Enclosure, Ballyconnoe, Co. Clare
Co. Clare |
Enclosures
In a field in Ballyconnoe, County Clare, there is a shape in the ground that does not quite follow the rules.
Most early enclosures in Ireland tend towards the circular, the product of a compass swung from a central point, but this one is something else: irregular, roughly 78 metres east to west and 75 metres north to south, its boundary wall curving in one direction, running straight in another, and becoming almost shapeless along the northern edge. That combination of curves and straight runs, and the refusal to resolve into a tidy form, is what sets it apart.

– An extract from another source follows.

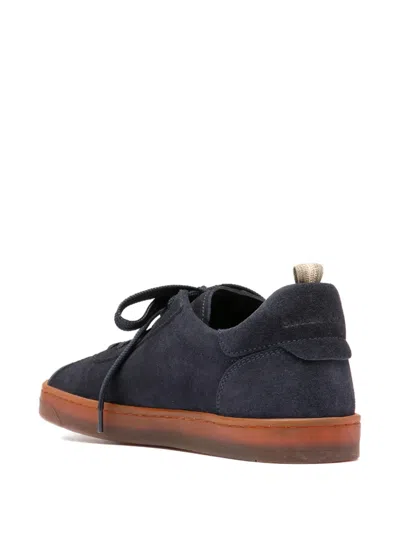 Officine Creative Karma Sneakers In Blue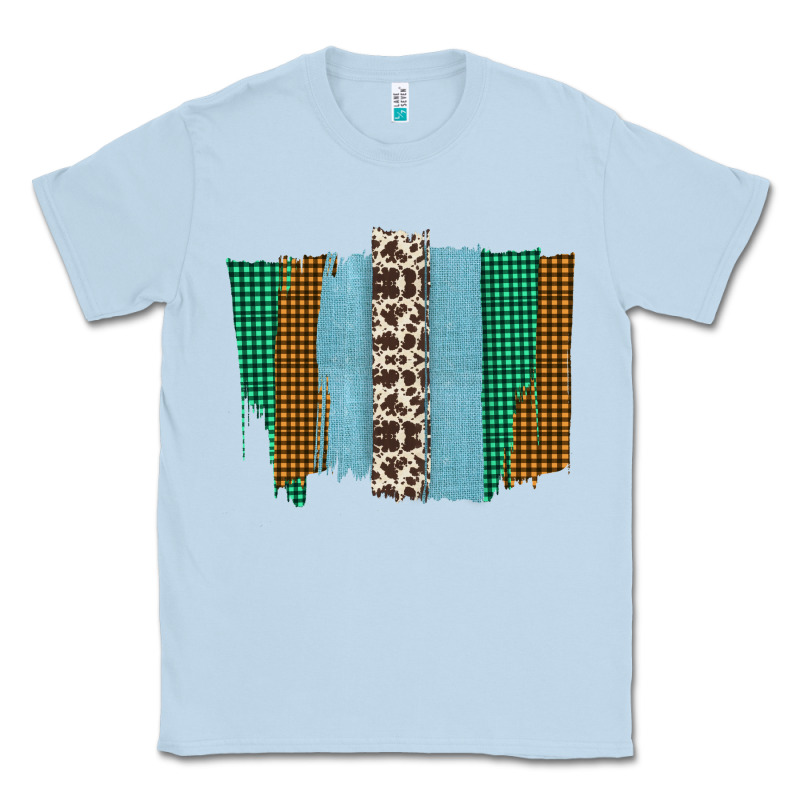 Western Farm Life Cowhide Brush Strokes Classic Tee by Bettercallsaul | Teevron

The enclosure sits on a gentle south-facing slope within what appears to be a much older and more complex field system, one that accumulated over multiple periods of use. The wall that defines it has long since been grassed over, which is to say it survives as a low earthwork rather than standing stonework, its outline legible in aerial photography from the 2010s rather than obvious to the eye at ground level. Layered over this earlier boundary are later straight field walls running northwest to southeast and southwest to northeast, the geometry of more recent agricultural organisation cutting across the older, less regular shape beneath. That palimpsest quality, where one era of land use is scored across another, is common enough in the Irish landscape, but here the contrast between the irregular early enclosure and the disciplined straight lines of the later walls is particularly legible from above.